“How had I ended up in such a role…? I had come to Iraq to apologise for the war. Now I was sitting like some colonial administrator in the office that before the war had served as the governor of Kirkuk’s. I was seen as the new symbol of power…”
In early 2003, British peace activist and humanitarian campaigner Emma Sky volunteered her services to the Foreign and Commonwealth Office to participate in the rebuilding of Iraq following the overthrow of Saddam Hussein. Initially seconded on a three-month posting by the British Council, Sky soon became one of the most influential British figures in occupation-era Iraq, and was made an Officer of the Order of the British Empire for her services. Now a senior fellow at Yale University, Sky is perhaps best known for her role as political advisor to the US military Chief of Staff General Raymond Odierno, and her contribution to the US military war effort during the 2007 troop surge.
Part memoir, part potted history of recent political events in Iraq, Sky’s new book The Unravelling: High Hopes and Missed Opportunities in Iraq weaves together threads of personal experience with a detailed account of the various strategies and failings of the occupation forces. In particular, it paints a grim and at times highly critical picture of the Coalition Provisional Authority (CPA) and wider US policy in Iraq, and of the alarming level of incompetence and disinterest among diplomats and military generals alike.
One particular episode involving US Vice-President Jo Biden, lays bare the lack of political will to engage with the intricacies of Iraqi politics at the highest level. During a visit to Baghdad, Sky writes that Biden became impatient at her attempts to explain the nuances of Iraq’s political and social landscape and “could not fathom” that there was an alternative paradigm to primordial sectarianism to explain the country’s factionalism. Uninterested in her comments, Sky claims that Biden compared the problems in Iraq to those of Ireland and the countries of ex-Yugoslavia, simply stating: “My grandfather was Irish and hated the British. It’s like in the Balkans. They all grow up hating each other.”

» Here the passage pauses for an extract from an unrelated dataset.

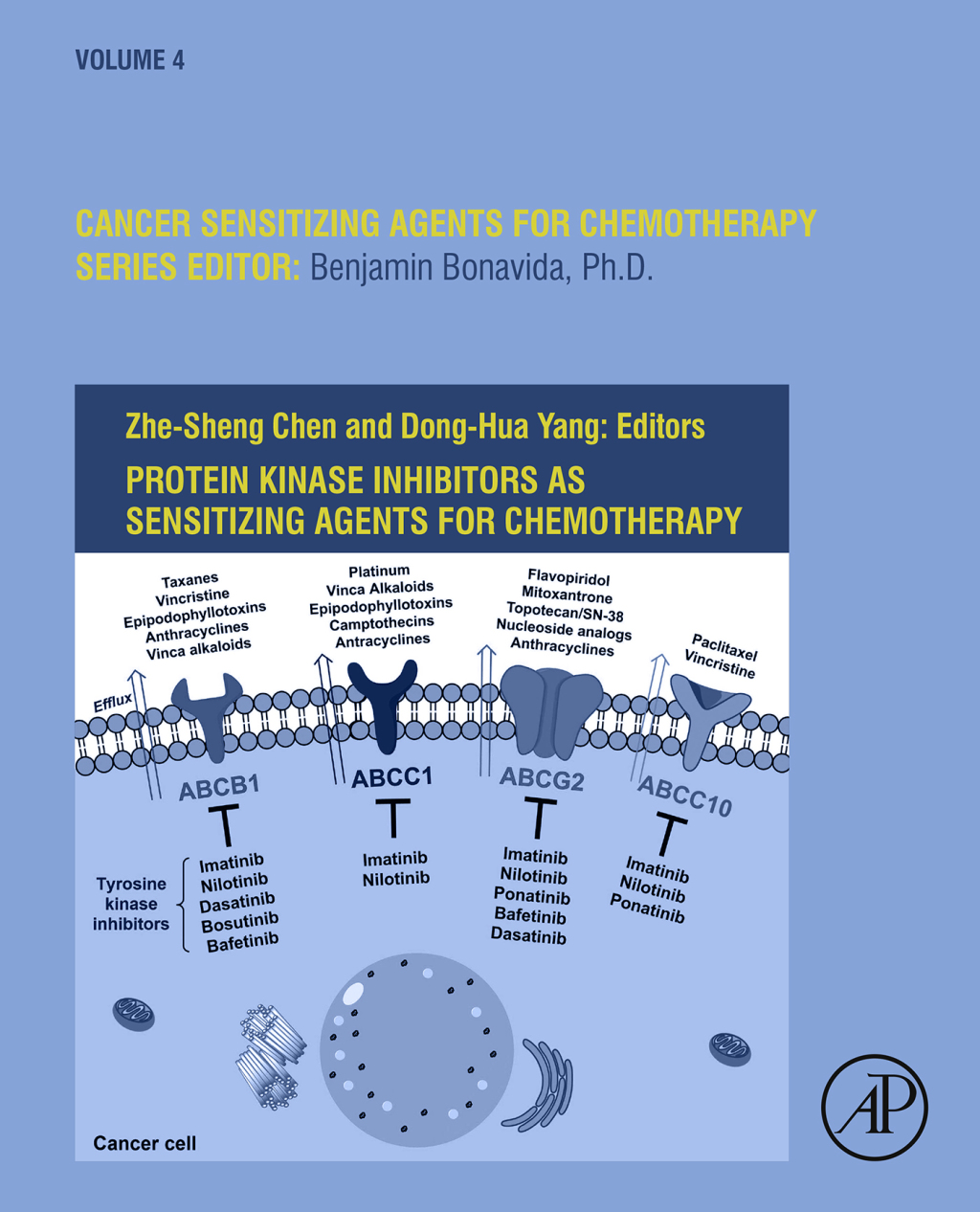 Protein Kinase Inhibitors as Sensitizing Agents for Chemotherapy  â€“ PDF/EPUB Version Downloadable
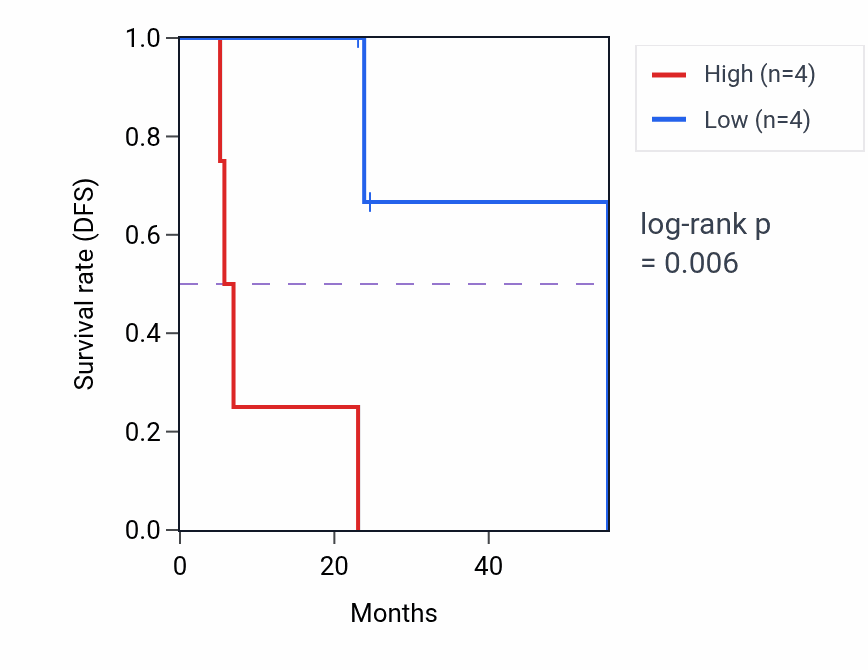 Kaplan&ndash;Meier survival curve for UBR7 mass-spec protein-high vs -low samples in HNSC.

Another high-ranking figure criticised by Sky is US ambassador to Baghdad Chris Hill, who she claims had been wrongly persuaded to take the post by Hillary Clinton.
“It was clear that Hill, though a career diplomat, lacked regional experience and was miscast in the role in Baghdad,” writes Sky. “In his staff meetings, Hill made clear how much he disliked Iraq and Iraqis.”
Despite such scathing assessments of US policy and strategy in Iraq, Sky is rather more positive about the role of the US military in the country – even going so far as to praise the “values and sense of humanity” of the soldiers she worked and lived so closely with (a statement that is hard to swallow in the wake of the revelations of the Iraq Cables). Indeed, the book as a whole reads almost like a eulogy to the US military while simultaneously outlining the incompetence and blunderings of the occupation as a whole – an incongruous mix that occasionally feels as if hard facts regarding the realities of the military occupation of Iraq have been side-lined in favour of biographical detail and personal sentiment.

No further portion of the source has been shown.